Dalam kesempatan tersebut, Bupati H. Bistamam menyampaikan apresiasi mendalam atas peran optimal DPRD dalam menjalankan fungsi legislasi dan pengawasan sepanjang tahun 2025. Ia melaporkan Laporan Keuangan Pemerintah Daerah telah selesai diperiksa oleh Perwakilan BPK RI Provinsi Riau dengan opini Wajar Dengan Pengecualian (WDP).
"Opini ini menjadi landasan evaluasi bersama. Kami berkomitmen menyempurnakan sistem pengelolaan keuangan daerah, guna kelak kembali meraih predikat Wajar Tanpa Pengecualian (WTP) demi kebaikan pembangunan daerah," tegasnya.

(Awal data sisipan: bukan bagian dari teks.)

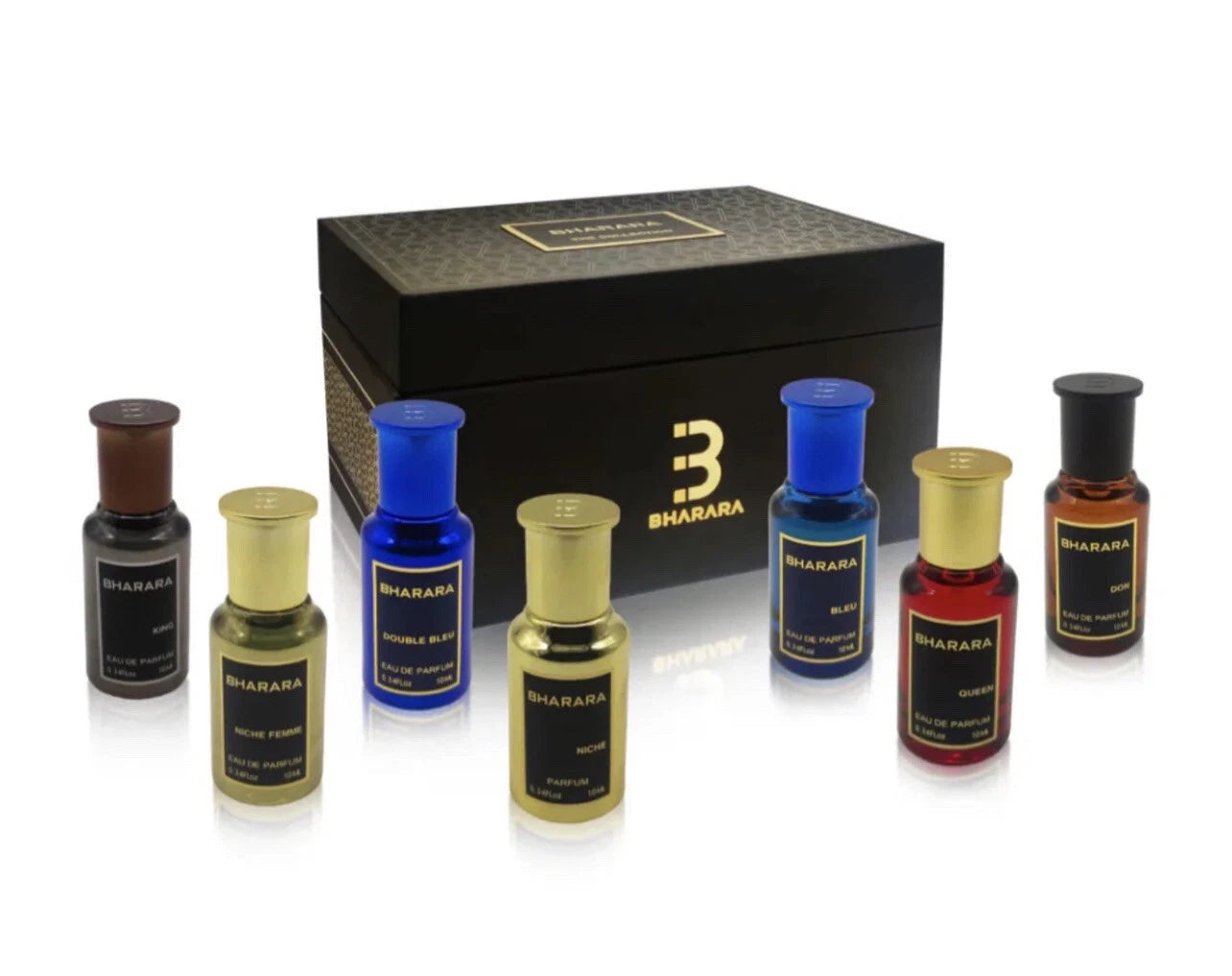The Collection Mini 7x Unisex by Bharara 10 ml Spray for Unisex - Perfumes4All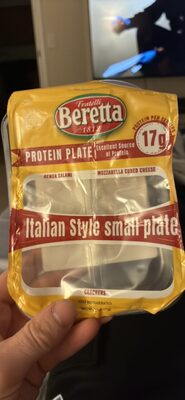 Italian Style small plate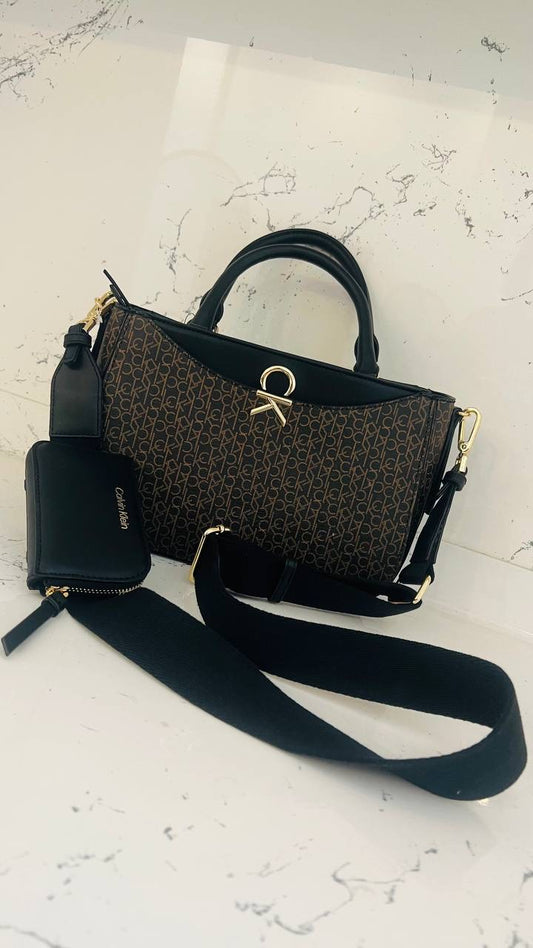 Calvin Klein bag  with wallet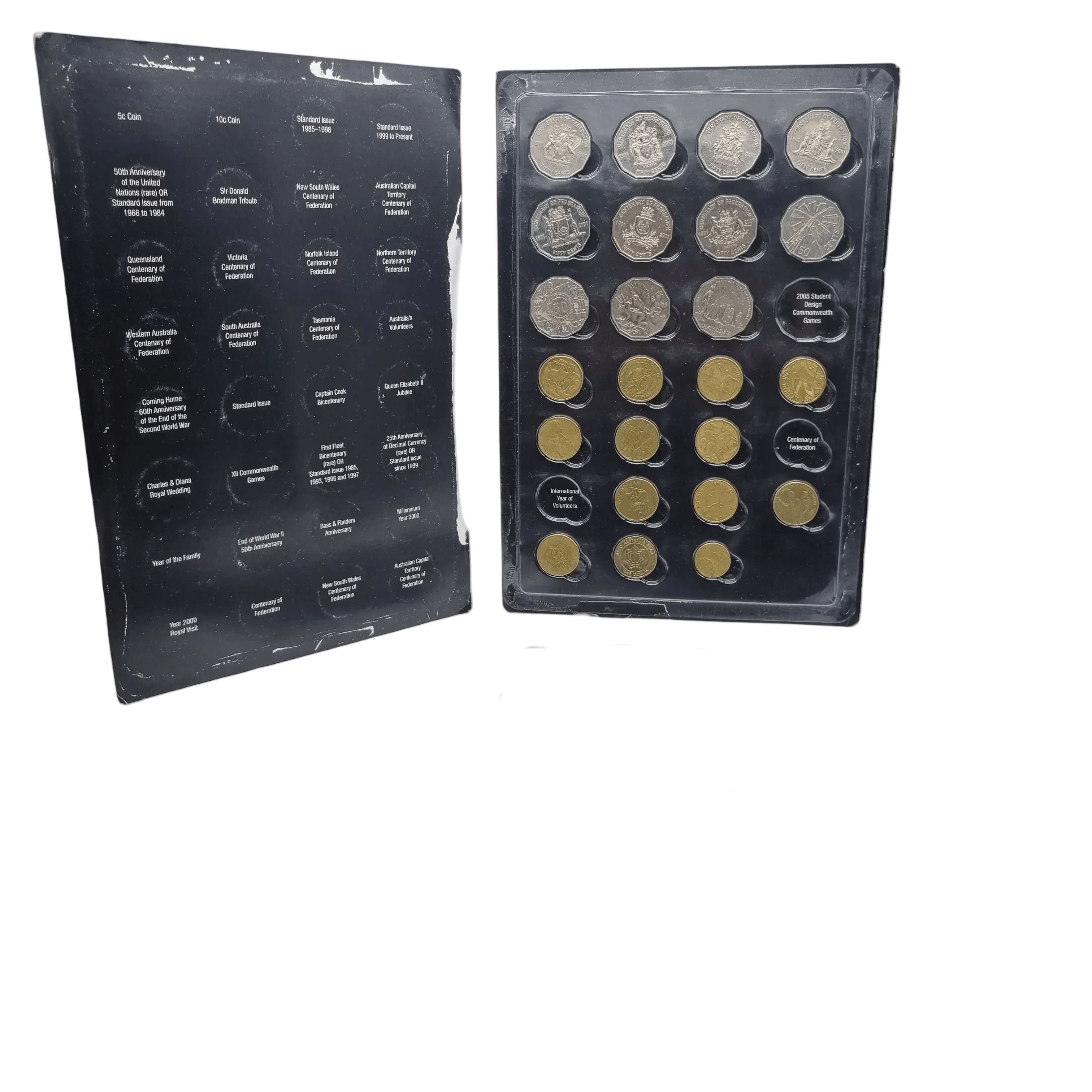 Scholastic Ultimate Coin Collection Deluxe Edition – 59 Coins (Missing Four Coins – One Page No Longer Attached)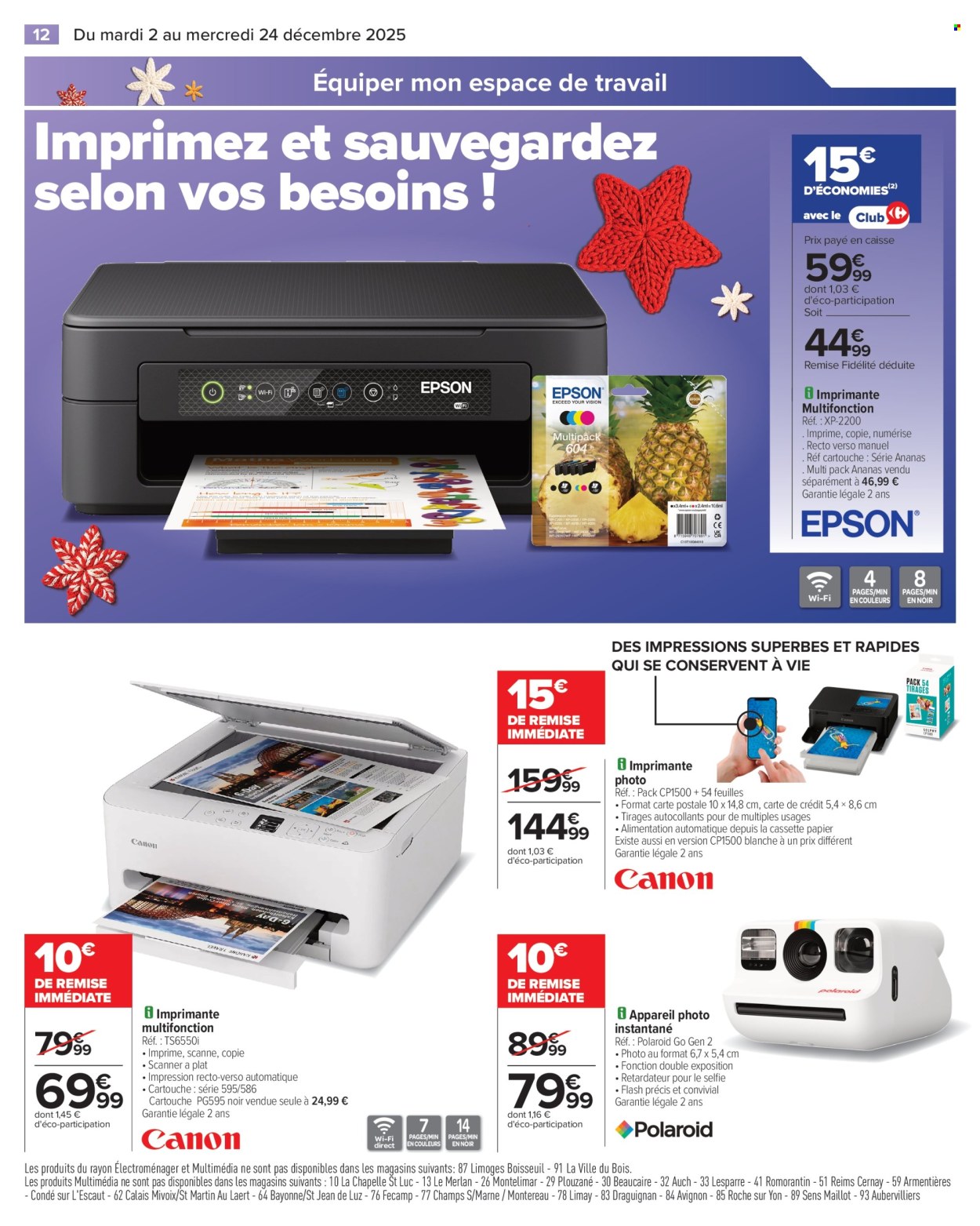 Catalogue Carrefour Hypermarchés - 02/12/2025 - 24/12/2025. Page 14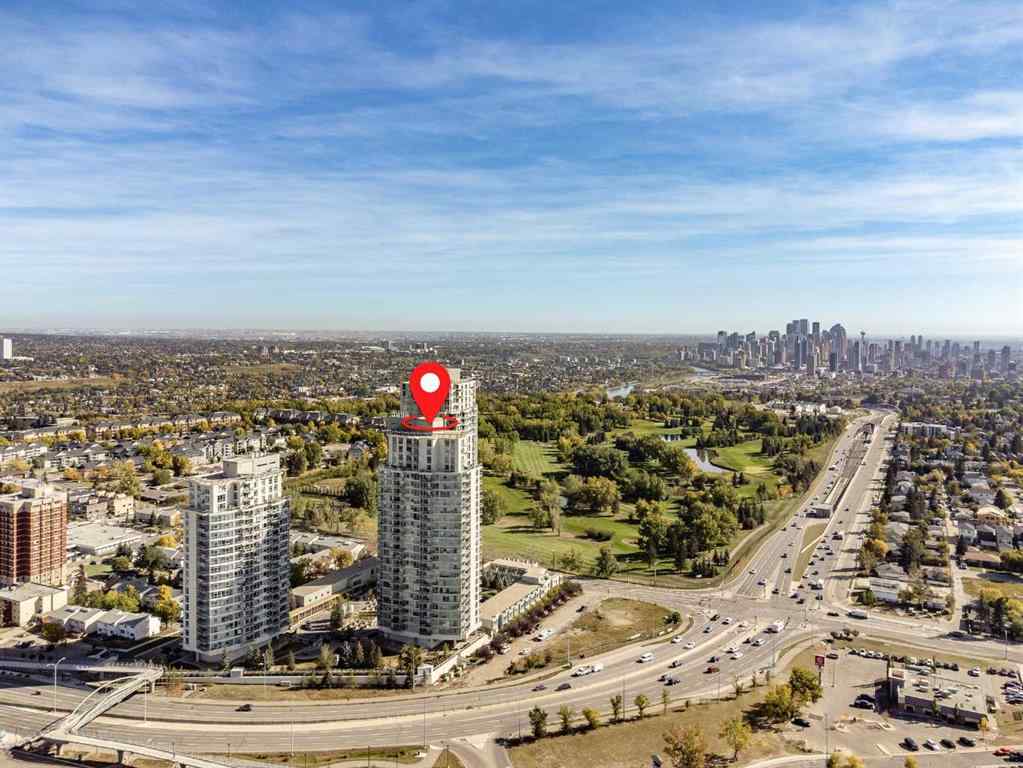 MLS® A2243699 - Unit #405 77 Spruce Place SW in Spruce Cliff Calgary, Residential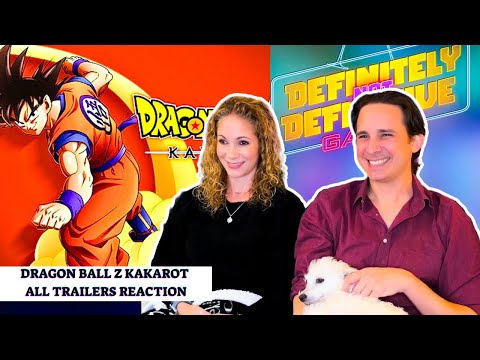 Dragon Ball Z Kakarot All Trailers Reaction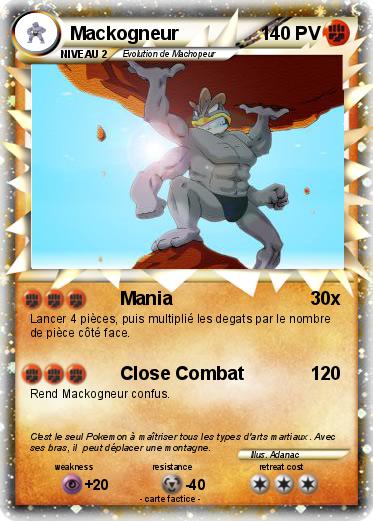 Pokemon Mackogneur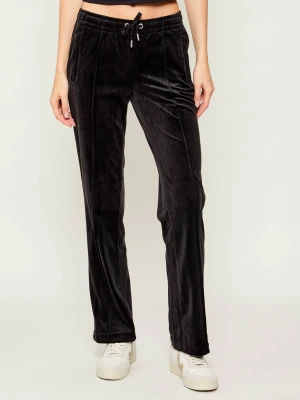 Juicy Couture Spodnie dresowe TINA | Straight fit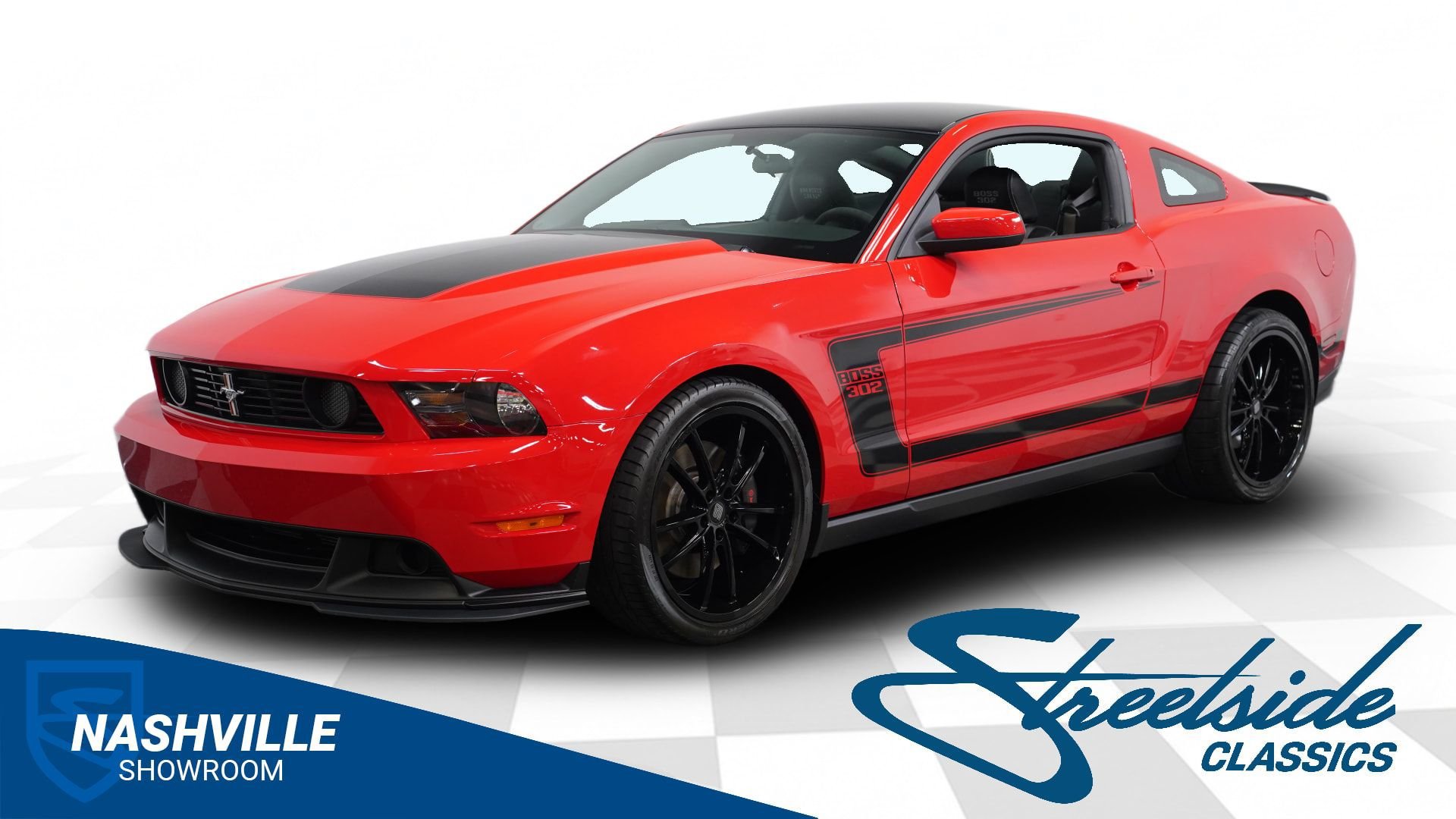 Used 2012 Ford Mustang Boss 302 w/ Boss 302 Accessory Pkg RWD image 1
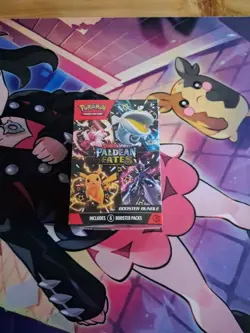 Pokemon Paldean Fates Booster Bundle – Brand New, Factory Sealed. - Image 1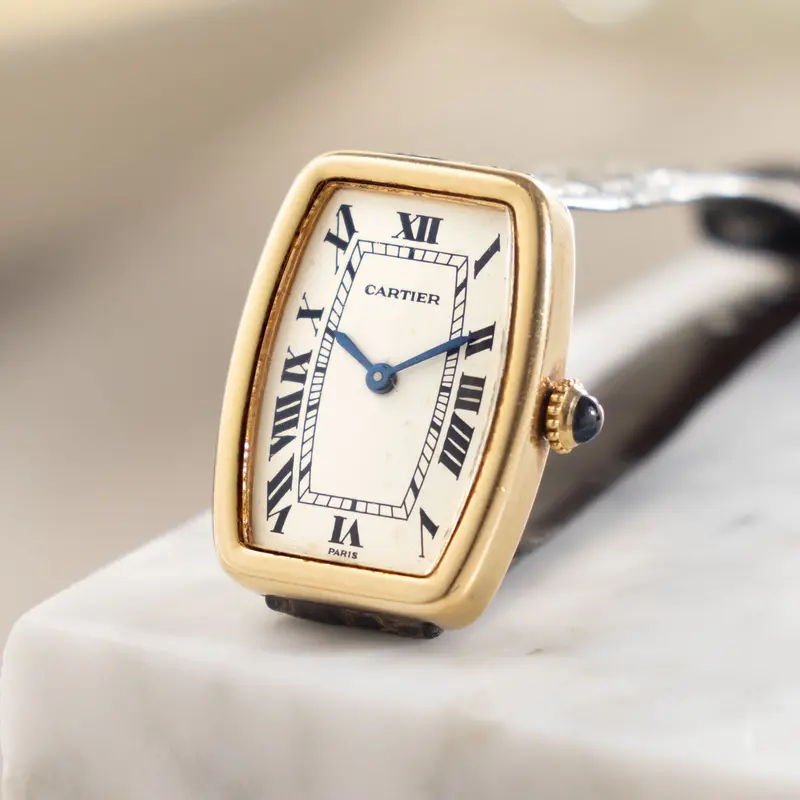 Cartier Fabergé Paris Dial 18K Yellow Gold Ref. 67082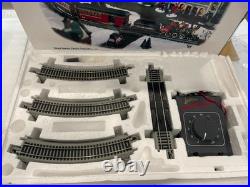 Department 56 Village Express Electric Train Set Bachmann HO Scale 52710 Rare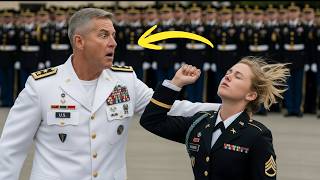 Marine Admiral Slapped Her in Front of 2,000 Soldiers — He Had No Idea She Was a Legendary Navy SEAL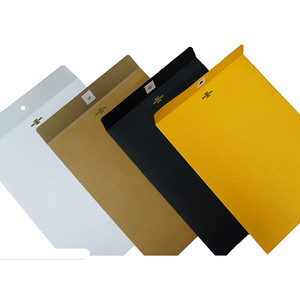 Enveloppes Kraft à Fermeture Auto-adhésive pour Documents, Enveloppes d'expédition gommées 9" x 12", Fermeture à Clip, Kraft Brun Polyvalent - Product Image 5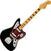 Electric guitar Fender Vintera II 70s Jaguar MN Black Electric guitar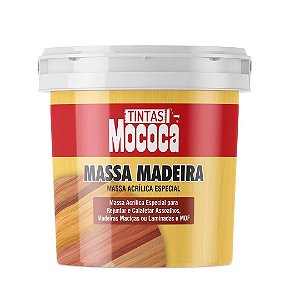Massa Para Madeira Branca 350g Maza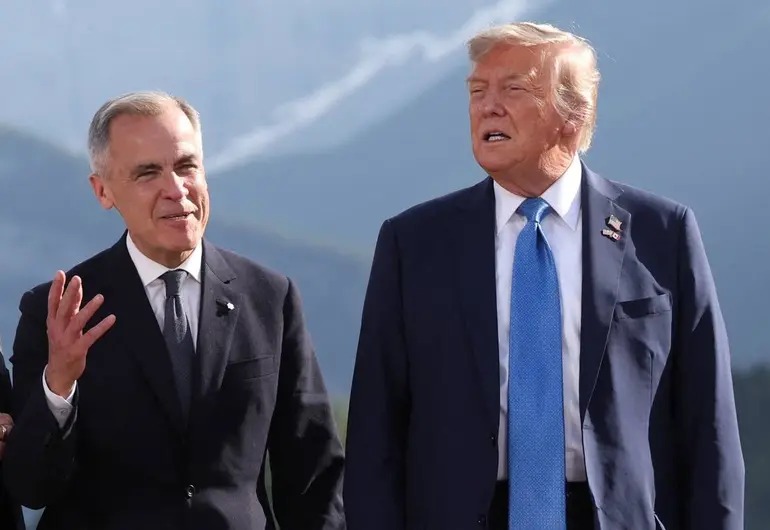 Trump da por terminadas «todas las negociaciones» comerciales con Canadá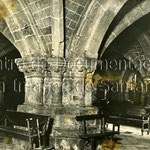 1910 Interior de la iglesia del Cristo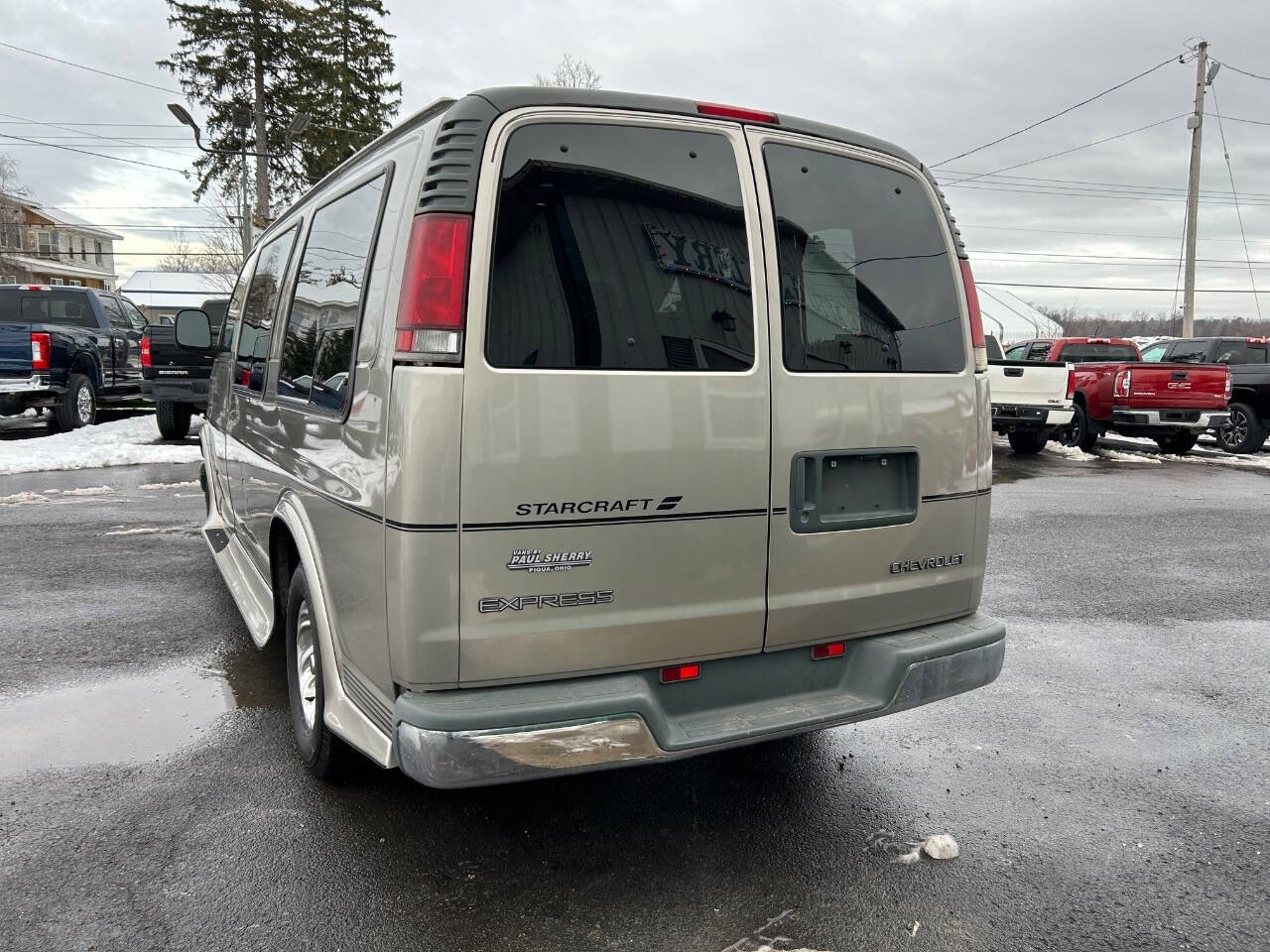 2001 Chevrolet Express for sale at Upstate Auto Gallery in Westmoreland, NY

Rincian Realisasi Keuangan Daerah Tahun Anggaran 2025:
- Pendapatan Daerah: Direalisasikan sebesar Rp2.253.838.593.922,16, terdiri dari Pendapatan Asli Daerah Rp285.773.415,16, Pendapatan Transfer Rp1.968.836.820.500, serta Lain-lain Pendapatan Daerah yang Sah sebesar Rp0.
- Belanja Daerah: Ditetapkan sebesar Rp2.596.826.647.730,99, terealisasi Rp2.264.191.535,95. Rinciannya: Belanja Operasi dianggarkan Rp1.978.556.443.585 (realisasi Rp1.798.072.720,20), Belanja Modal dianggarkan Rp305.447.683.903,70 (realisasi Rp226.934.442,72), Belanja Tak Terduga dianggarkan Rp7.564.855.140 (realisasi Rp4.230.292.109), dan Belanja Transfer dianggarkan Rp305.657.665.110 (realisasi Rp234.948.964.664).
- Pembiayaan Daerah: Penerimaan berasal dari sisa anggaran tahun sebelumnya sebesar Rp14.321.953.892,90, sehingga menghasilkan Sisa Lebih Perhitungan Anggaran (SILPA) 2025 sebesar Rp3.969.493.979,2.
Pemkab Rokan Hilir berharap sinergi antara eksekutif dan legislatif senantiasa terjalin erat, guna mewujudkan tata kelola pemerintahan yang bersih, transparan, dan berkeadilan bagi seluruh masyarakat Rokan Hilir. (Redaksi).